Which makes its latest editorial on the war in Ukraine something of a bombshell. Back in March, the Editorial Board said the world must “coalesce around the same message to Ukrainians and Russians alike: No matter how long it takes, Ukraine will be free.” Now its stance appears to have shifted.
The Board writes, “A decisive military victory for Ukraine over Russia, in which Ukraine regains all the territory Russia has seized since 2014, is not a realistic goal,” and if it comes to negotiations, Ukrainian leaders will have to make the “painful territorial decisions that any compromise will demand.”
“Mr.
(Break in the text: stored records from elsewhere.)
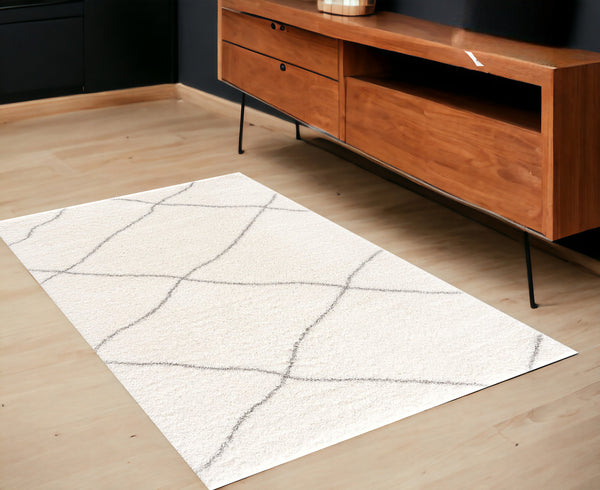 Homeroots 4' X 6' Ivory Modern Uneven Lattice Area Rug  Polyester 392337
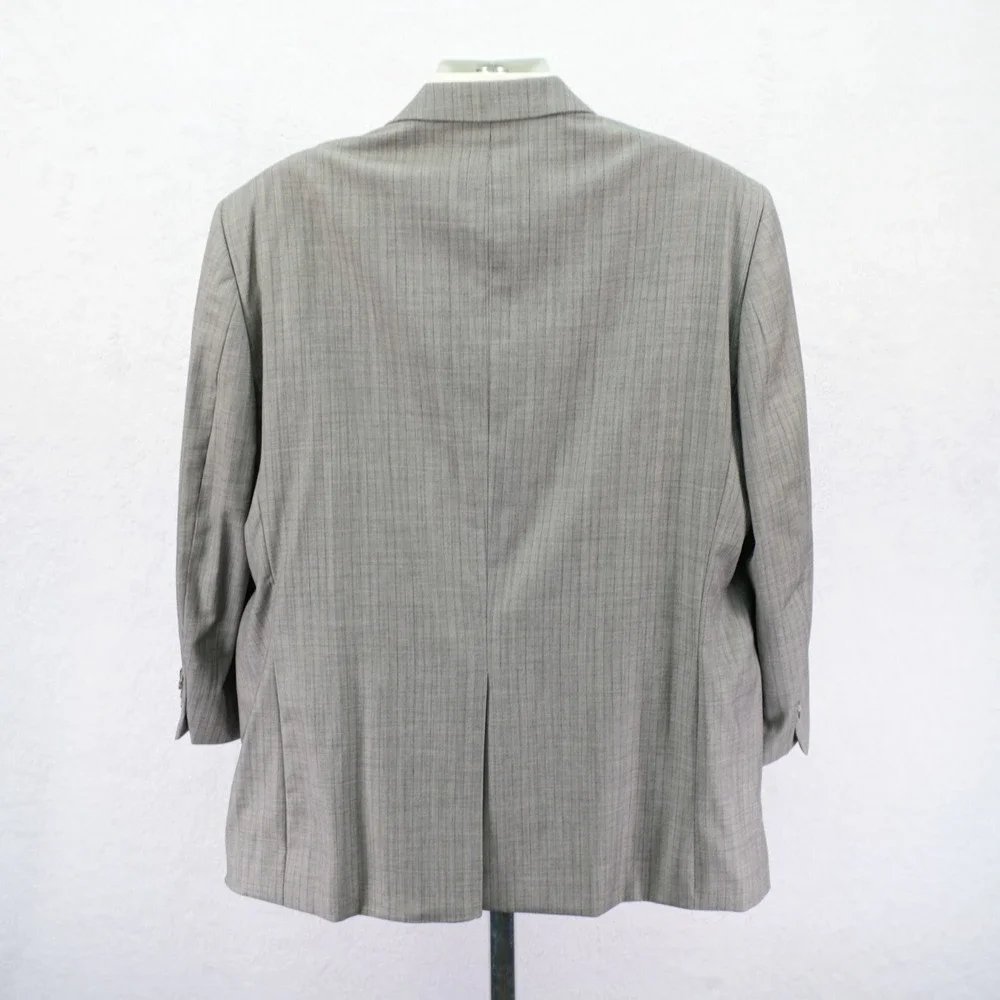 Joseph & Feiss Gray Sharskin W/ Blue Striped 48L 2 Button Suit Jacket Tagged 50R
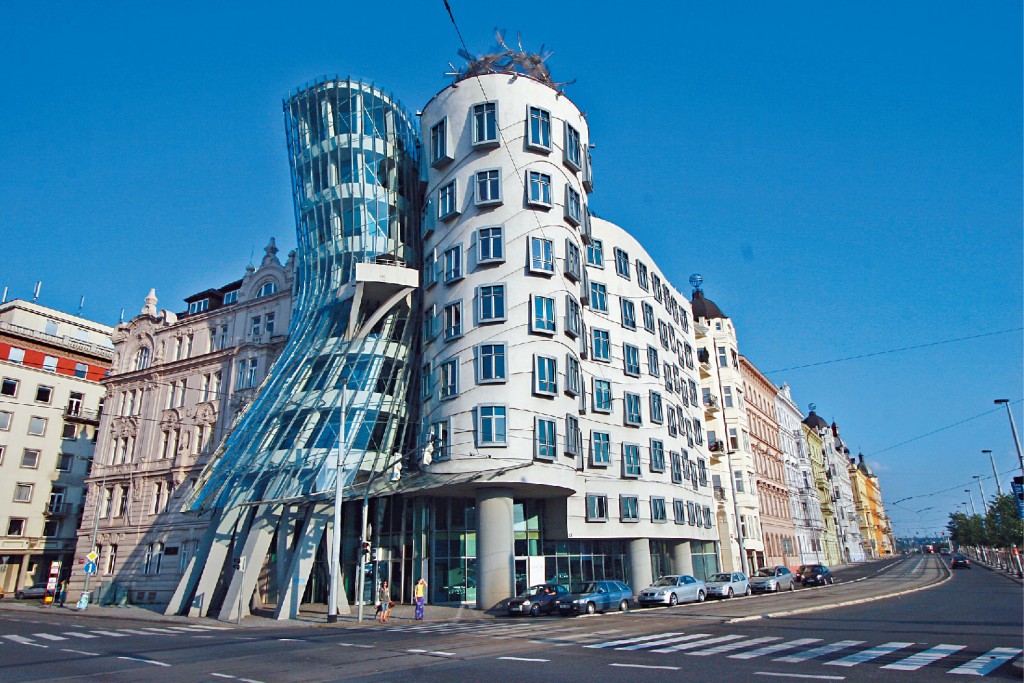 除了古建筑外，捷克还有造型特别的后现代建筑，例如这幢位于布拉格闹区的「跳舞的房子」。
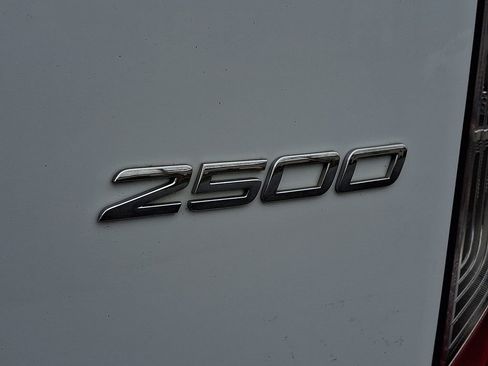 Used 2022 Mercedes-Benz Sprinter 2500 image 32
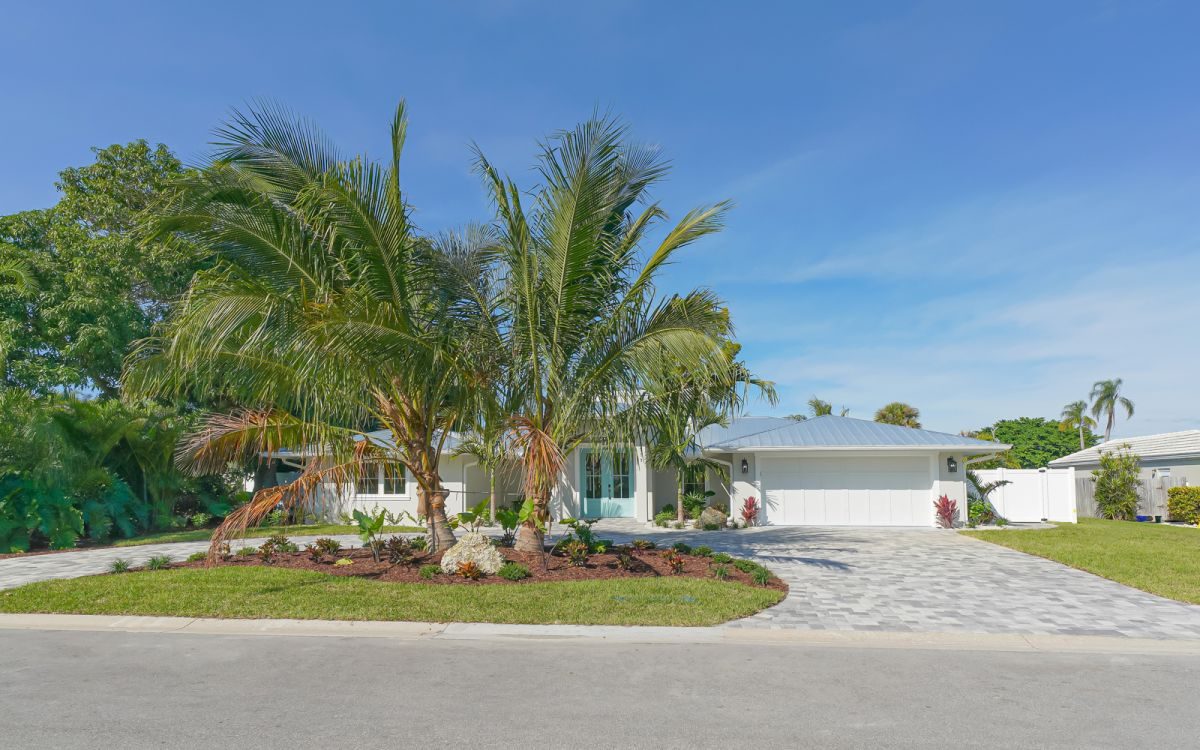 511 Spinnaker Ln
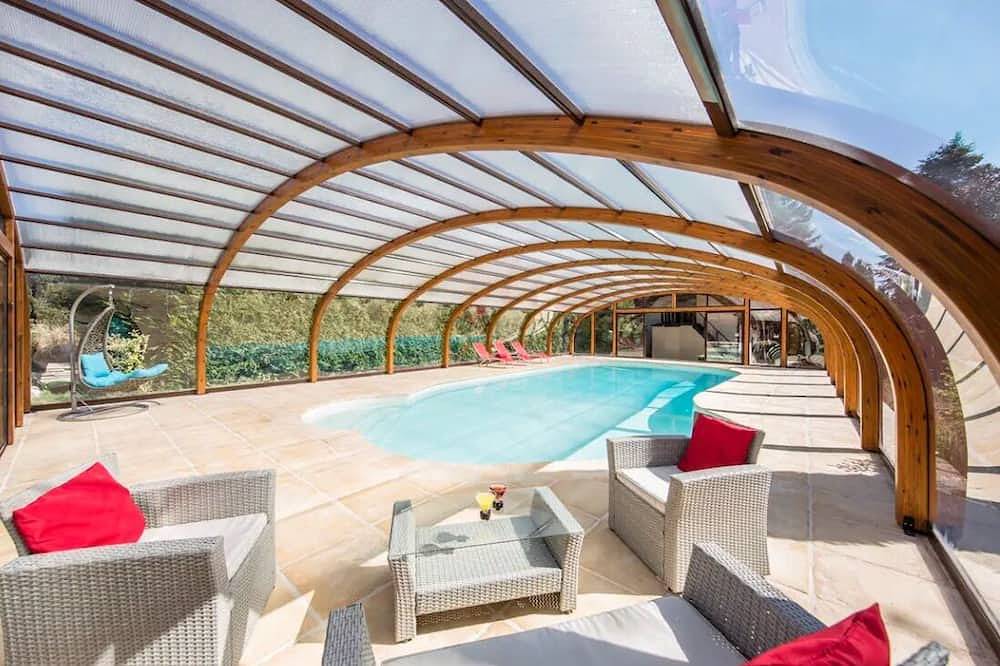 Gîte privé avec piscine privée chauffée  (Gîte Made In Normandie) in Bois-Normand-près-Lyre, Région d'Évreux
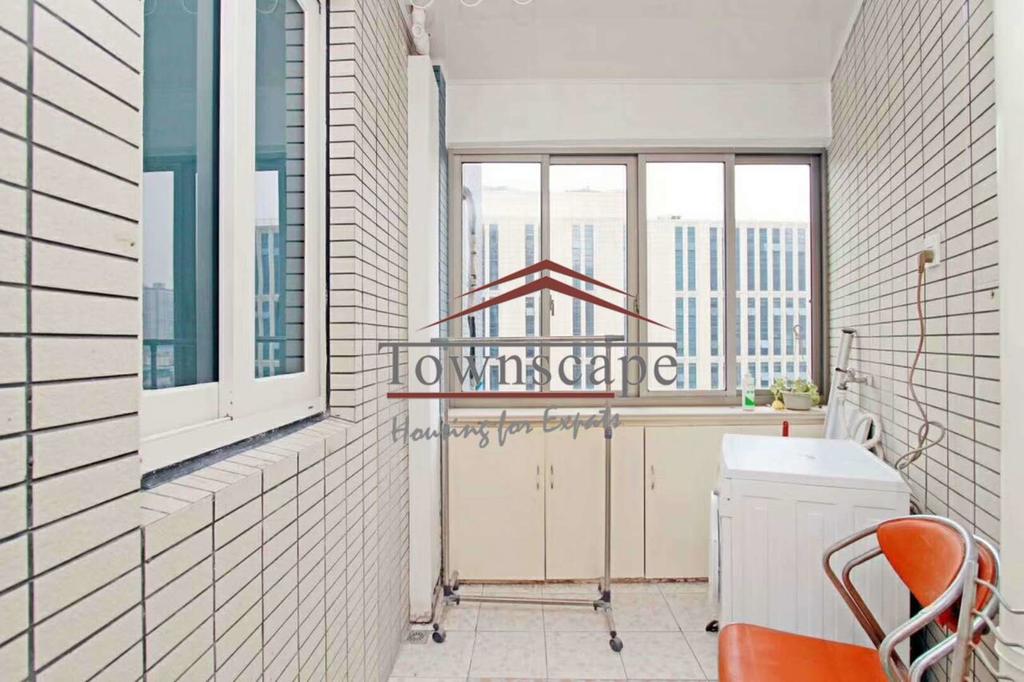  Bright 1BR Apartment for Rent in Jingan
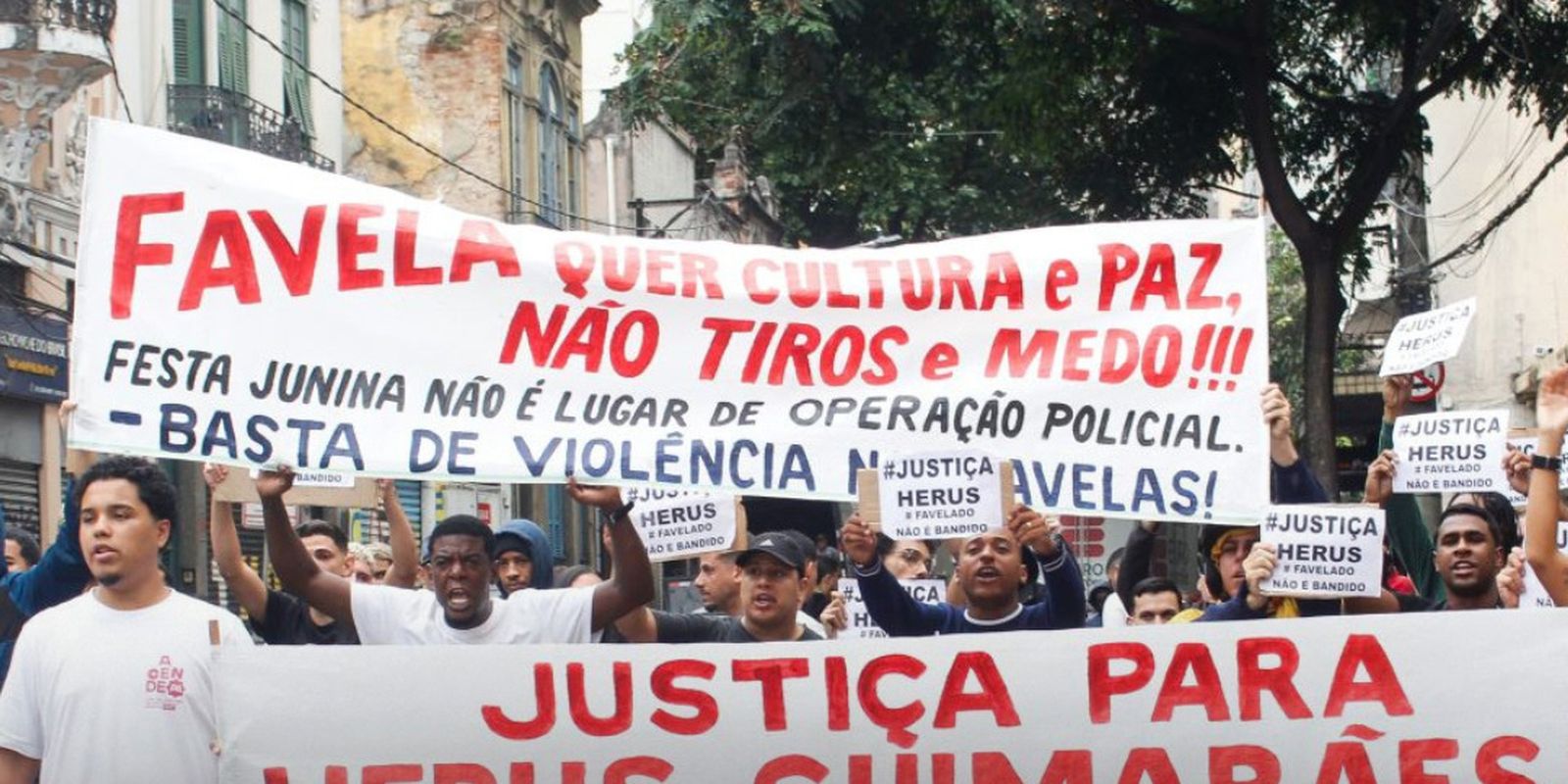 Morte de jovem em operação da PM durante festa junina gera protesto no RJ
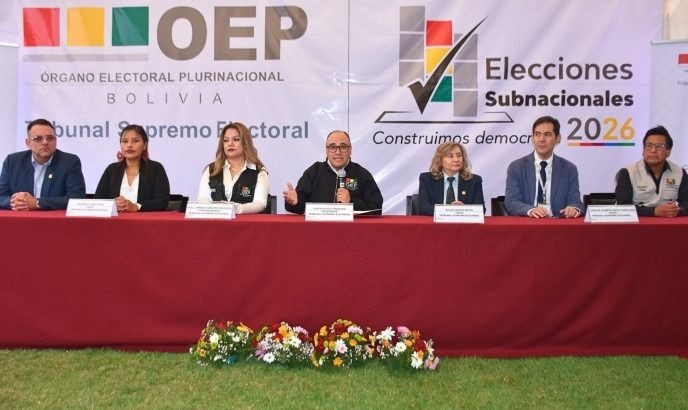 Elecciones Bolivianas en Crisis: Papeletas Equivocadas y Dudas en Santa Cruz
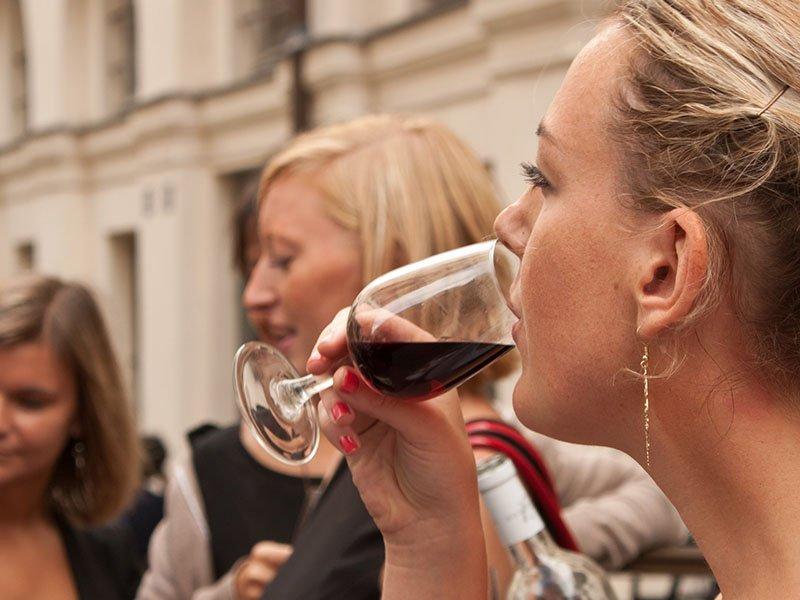 Smartbox  3 romantische Tage in Paris mit 3-stündigen Weinkurs und Verkostung - Geschenkbox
Biden,” the Board writes, “should also make clear to President Volodymyr Zelensky and his people that there is a limit to how far the United States and NATO will confront Russia” because Zelensky’s decisions must be grounded in a “realistic assessment” of “how much more destruction Ukraine can sustain”.
The Board says this is “not appeasement”, but rather what governments “are duty bound to do”.